Tim raised an eyebrow in Damian’s direction, shaking his head in mock disgust. “See? Now he admits it.”
“The nerve.” Tim grinned as smugly as he could manage, so that Dick could see. Was Tim being difficult on purpose? Absolutely. Was he going to change that? Absolutely not.
“Right, it can be my turn. I’m Tim Drake, and I met Bruce when I was thirteen years old.”
“I was…” Dick glanced upwards, like he was trying to remember— or, failing that, calculate. “Right now you’re…?”
“Do you not know my age?”
“I probably do.” Dick tapped a finger against the desk a few times, looking pensive. Eventually, he gave up.
“Congratulations, Damian,” said Tim. “You are no longer my least favorite sibling.”
“I was your least favorite?” Damian asked, with such innocence that Tim couldn’t stop himself from bursting out laughing.
It took him a few moments to regain control. “You looks so proud of yourself,” he told Damian, as soon as he could.
“Thank you, I am.”
“I’m writing you both out of my will,” muttered Dick, “as soon as we get home.”
“Shame.” Tim swiped a sweatshirt sleeve over his eyes, still grinning. “I had my eye on your terrible CD collection.”
“The estate in its entirety, I believe,” said Damian.
“Shut up,” said Dick. “Keep answering the question.”
“Yeah, yeah, give me a minute.” Tim held up a hand to count on his fingers. “We did circus, Jason, Jason’s death— oh right, me. I met Bruce when I was thirteen and Dick was twenty-two, which would make Bruce thirty-seven.”
“I would have gotten there eventually.”
“Go to hell. Two years after that, when Bruce was thirty-nine, he met our sister, Cassandra Cain.”
“She was seventeen then,” said Damian.
Dick nodded. “Simplifying, we met her through a family friend. That same year, Bruce adopted me.”
“Which puts Father at thirty-nine with two sons—”
“One deceased,” added Tim.
“Having already met Tim and Cass,” Dick finished.
“Now if you think that’s confusing,” said Tim, gesturing broadly, “you’re right, it is.”
Damian nodded. “It gets even worse.”
“Yeah. For another two years we were— again, simplifying— in roughly the same place. After that, Bruce adopted me—”
“—making my life even worse.”
“Shut up, you weren’t even around yet. At forty-one, Bruce had three sons, one deceased.”
“And then came—”
“Me.” Damian raised his own hand. “My name is Damian Wayne, and I am my father’s genetic son. We met for the first time when Father was forty-one, and I was ten.”
“Four sons,” said Dick. “By age it’s me, Jason, Tim, Damian.”
“But from Bruce’s perspective,” said Tim, “Jason, then Dick, then me, then Damian.”
“I’d note,” said Damian, “that I was born several years before Todd’s adoption, and since I have been a Wayne from the beginning, I am both my father’s youngest child and his first child, whether he was aware of me or not.”
“But wait!” Tim interjected. “There’s more!”
“We’re almost done,” said Dick. “We already mentioned meeting our sister Cassandra. Bruce adopted her formally after Damian arrived, while Bruce was still forty-one.”
“Which means,” said Tim, “that we can do a final tally. Damian?”

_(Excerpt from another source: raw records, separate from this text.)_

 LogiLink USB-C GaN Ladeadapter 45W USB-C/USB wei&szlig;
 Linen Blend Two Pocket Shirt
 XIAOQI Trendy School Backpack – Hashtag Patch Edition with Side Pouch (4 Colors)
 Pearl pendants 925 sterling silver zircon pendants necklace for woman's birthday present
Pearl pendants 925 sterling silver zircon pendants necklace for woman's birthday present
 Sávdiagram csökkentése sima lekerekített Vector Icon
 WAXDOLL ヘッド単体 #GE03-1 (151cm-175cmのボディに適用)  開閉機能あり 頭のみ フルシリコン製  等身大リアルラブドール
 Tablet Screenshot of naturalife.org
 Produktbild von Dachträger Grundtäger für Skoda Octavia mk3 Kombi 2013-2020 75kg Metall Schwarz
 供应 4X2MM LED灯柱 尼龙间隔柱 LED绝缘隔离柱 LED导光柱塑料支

“Assist me. We have Dick—”
“Alive,” said Damian.
“Yes.” Damian sat back in his chair. Tim leaned forwards in his, so he could put his elbows down on the desk.
“That’s pretty much it,” he said. “I won’t say how old we are right now, because it turns out Dick doesn’t know, and I don’t want to help him.”

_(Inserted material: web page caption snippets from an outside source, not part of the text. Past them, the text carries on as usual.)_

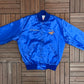 Friday Nite Stable Graphic Varsity Jacket | Size Medium | Vintage 1990s Blue Varsity Bomber Coat |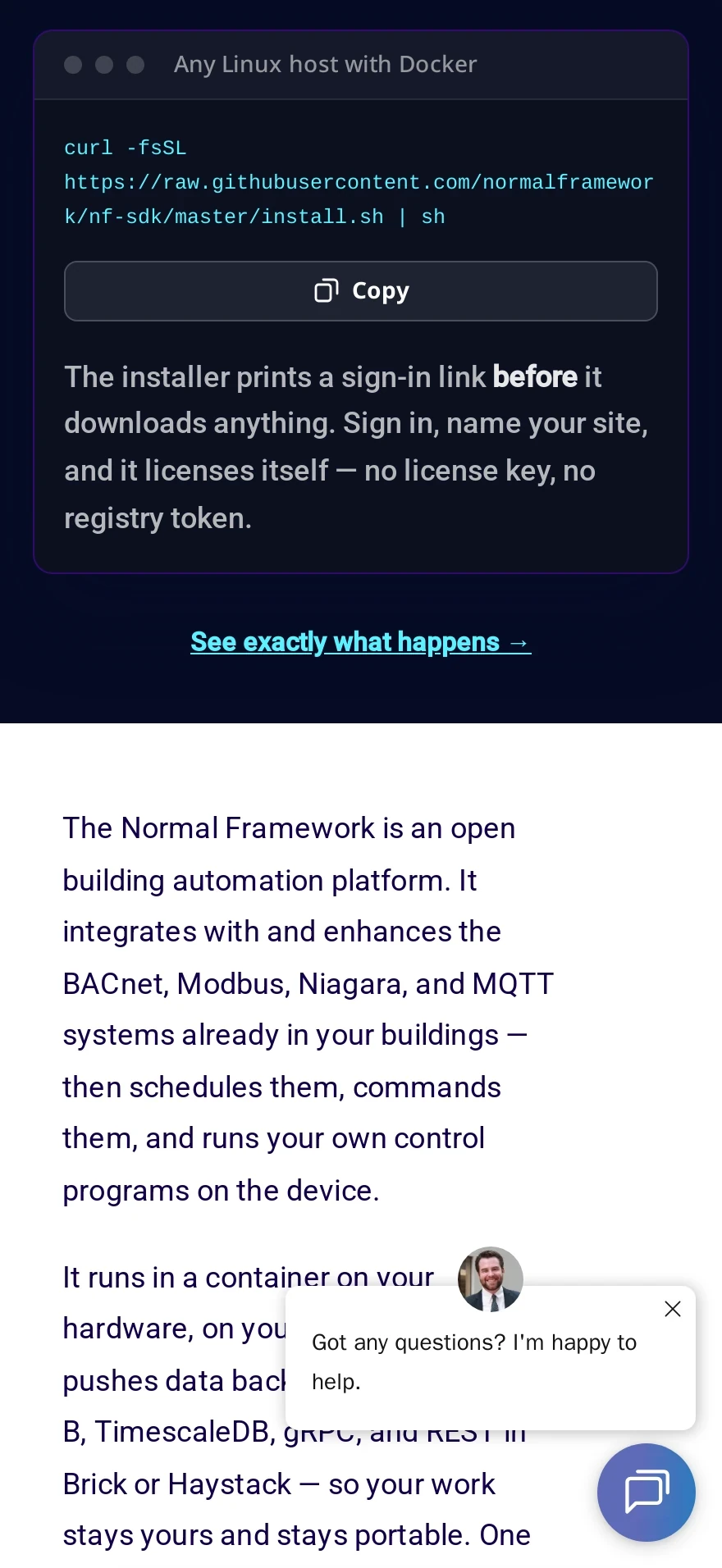 Normal Framework — Preview 2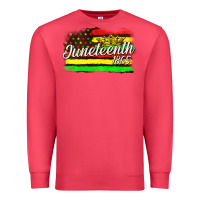 Cardinal juneteenth 1865 with crown flag Premium Sweatshirt - texasbilliewilder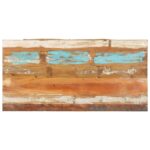 Dessus de table rectangulaire 60x100 cm 25-27 mm Bois récupéré – Image 2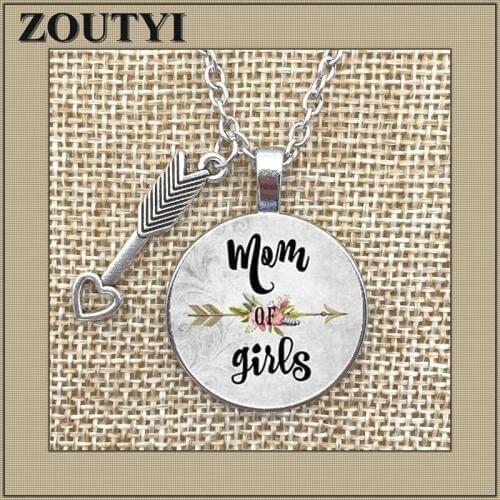 2018/ new girls mother charm alloy glass pendant necklace, mother wears necklace jewelry, gift for mother woman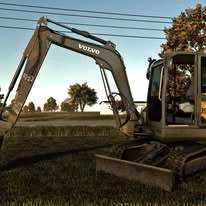 Volvo ECR58F Compact Excavator Pack v1.0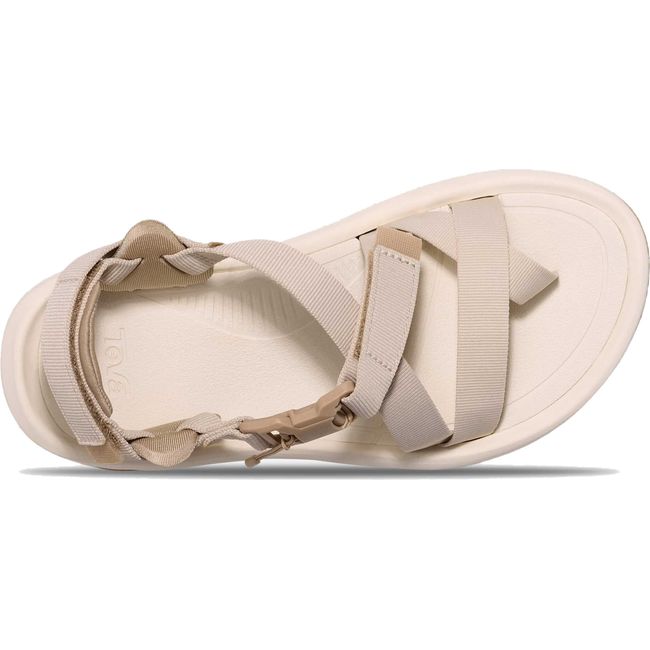 Upper of Women's Teva Hurricane Terra Dactyl Hiking Sandal in Birch Beige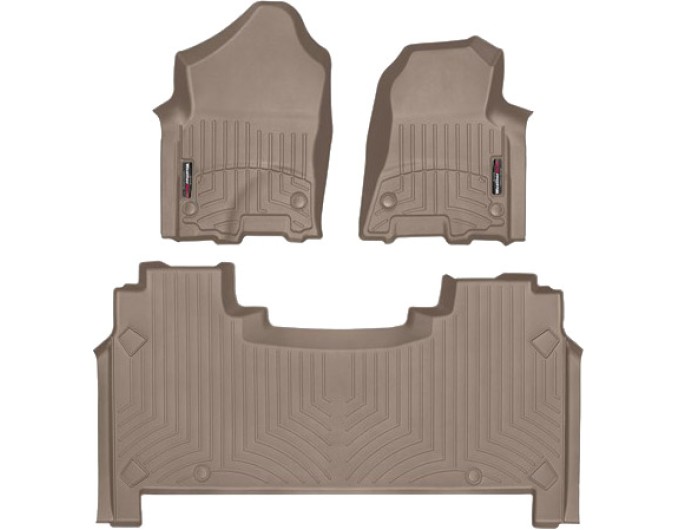Коврики WeatherTech Beige для Dodge Ram (mkV)(crew cab)(1 row bucket seats)(with storage under 2 row) 2019→, цена: 13 915 грн.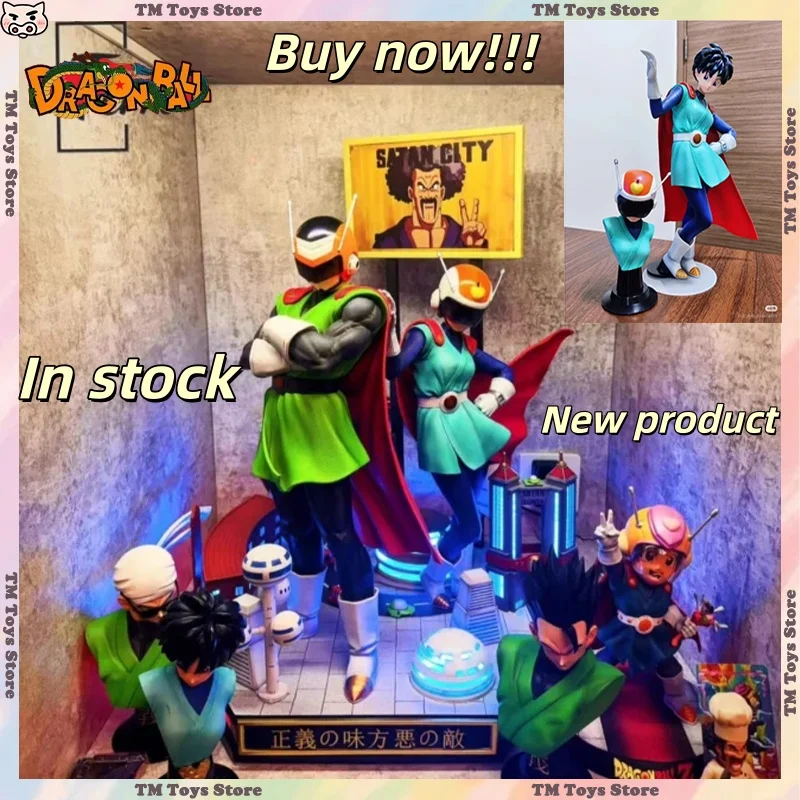 

Dragon Ball аниме фигурка Videl в маске Супермен Геркулес дочь статуя из ПВХ Декор комнаты Коллекционная модель подарки В НАЛИЧИИ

Dick rolled his eyes. “I barely know my own age.”
“You’re eighty. One thousand, nine hundred, and forty. Some other number. I don’t know, why would I remember a very basic fact about my own family member?”

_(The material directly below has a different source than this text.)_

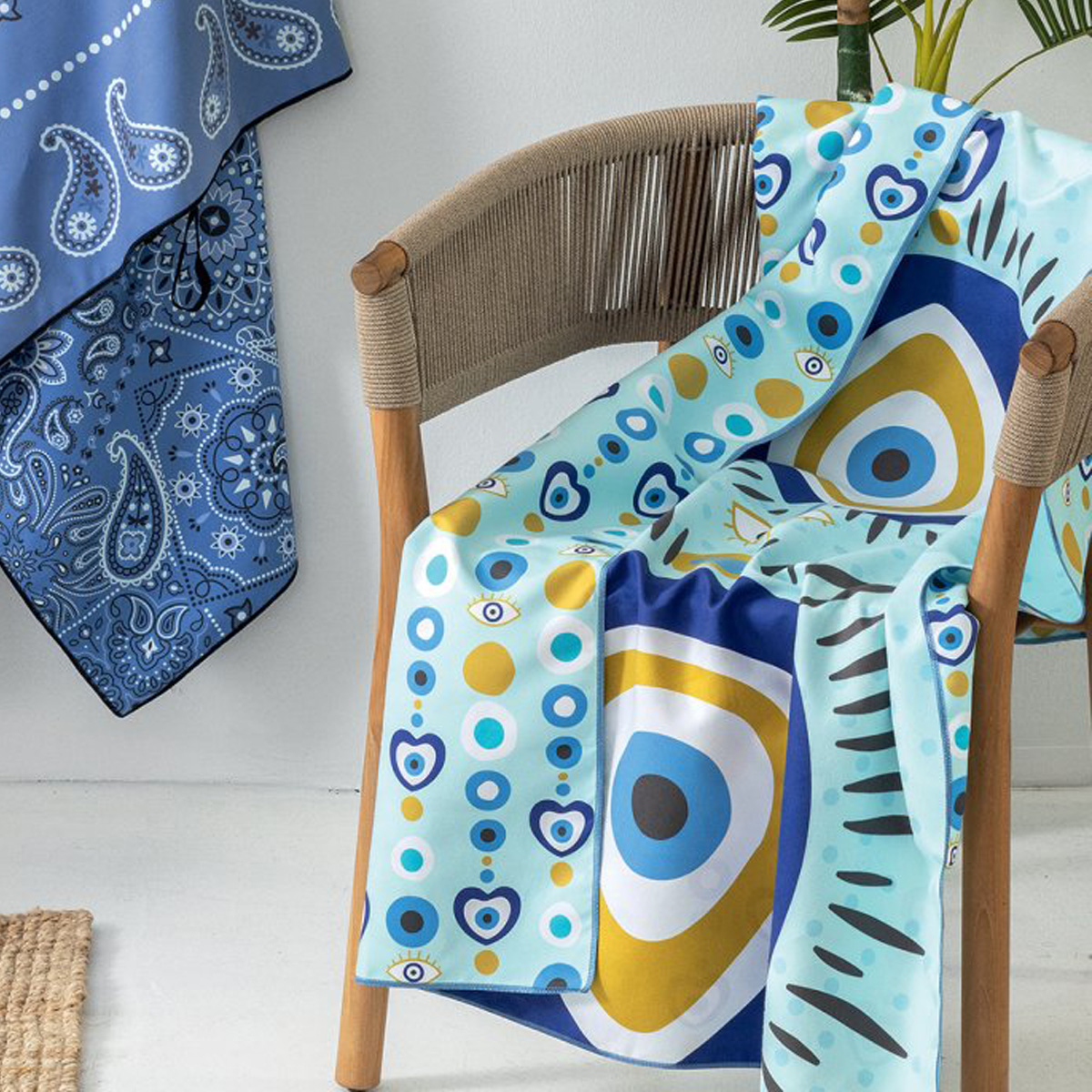 Πετσέτα Θαλάσσης Microfiber 2 Όψεων (90X160) Palamaiki Em43 Home Πετσέτες Ενηλίκων Spitishop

“To be fair to him,” Damian put in, “you are very forgettable.”
“And you’re my least favorite again.”
“Shame. As a last fact, I’d also note that Martha and Thomas Wayne died when Father was very young, so he was primarily raised by the butler.”
“That’s Alfred,” Tim agreed, “and his formal title is butler, but he’s also, you know, our grandfather.”
“Can we move to another question now?”
“I guess?” Tim looked over at Dick for confirmation.
“I don’t know,” Dick sighed. “Maybe.”